Unos días más tarde, ya en agosto, renunció el director nacional de inteligencia en medio de versiones sobre el malestar que reinaba en los organismos de seguridad por el manejo de la ayuda a Ucrania en medio de su conflicto armado con Rusia. El 12, en un canal oficial de denuncias anónimas apareció la queja formal de un agente del servicio de inteligencia, cuya identidad aún permanece en secreto, asegurando que el presidente Trump ponía en peligro la seguridad del país al retener por cálculos políticos la ayuda a un aliado en guerra. El 9 de septiembre, el comité de inteligencia de la cámara de representantes anunció el inicio de una investigación al respecto. El juicio político contra Donald Trump se ponía en marcha. Dos días después, el 11, la ayuda a Ucrania finalmente fue entregada.

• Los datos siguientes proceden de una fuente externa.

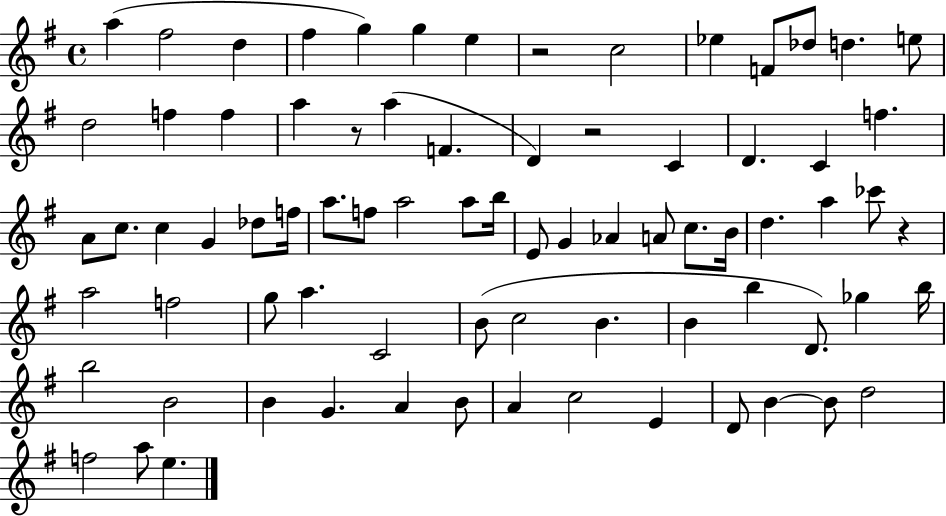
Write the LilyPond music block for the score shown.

Lo que vino a continuación —asombroso, decepcionante— es por todos conocido: la oposición demócrata sustentó su acusación en documentos y testimonios, los abogados del presidente aseguraron que no había una causal sólida de destitución, la mayoría republicana impidió la comparecencia de testigos en el juicio (entre ellos John Bolton, que fue el consejero de seguridad nacional hasta septiembre de 2019 y que se había declarado dispuesto a presentarse) y, al final, la mayoría republicana en la cámara de senadores absolvió a Trump. Tonificada, la campaña para la reelección se puso en marcha. Los demócratas, fragmentados, reanudaron la búsqueda de su candidato.

Mientras tanto, la guerra en el este de Ucrania sigue, aunque está en una fase de baja intensidad. La península de Crimea y la ciudad de Sebastopol permanecen en poder de Rusia, que continúa alentando los movimientos separatistas en el Donbás, donde los óblast de Donetsk y Lugansk están cada día más en medio de la nada, librados a sus infortunios: Rusia ya no los quiere anexionar, porque su región minera industrial está arruinada, y Ucrania duda en reincorporarlos para no tener que cargar con una extensa población prorrusa que sería un peso muerto en sus planes de integrarse con fuerza en Europa Occidental. En fin. El conflicto hoy está en neutro, pero Vladímir Putin, con toda su codicia y astucia, pronto volverá a acelerar.

Comediante convertido en político, el trabajo de Zelenski antes de ser elegido presidente de Ucrania era interpretar al presidente de Ucrania en televisión. Su país está en medio de un enfrentamiento de años con Rusia por Crimea, un área que Rusia invadió y anexó en 2014. Zelensky también lidia con una guerra contra los separatistas prorrusos.

El llamado Cuarteto de Normandía (Rusia, Ucrania, Francia y Alemania) tiene como fin buscar una salida a la guerra del Donbás, que ha costado 13.000 vidas en el este ucraniano desde 2014. Este es el mayor problema que afronta Zelenski, y no el que le puede haber causado Trump: el Ucraniagate no ha tenido coste para él sino para el presidente de Estados Unidos.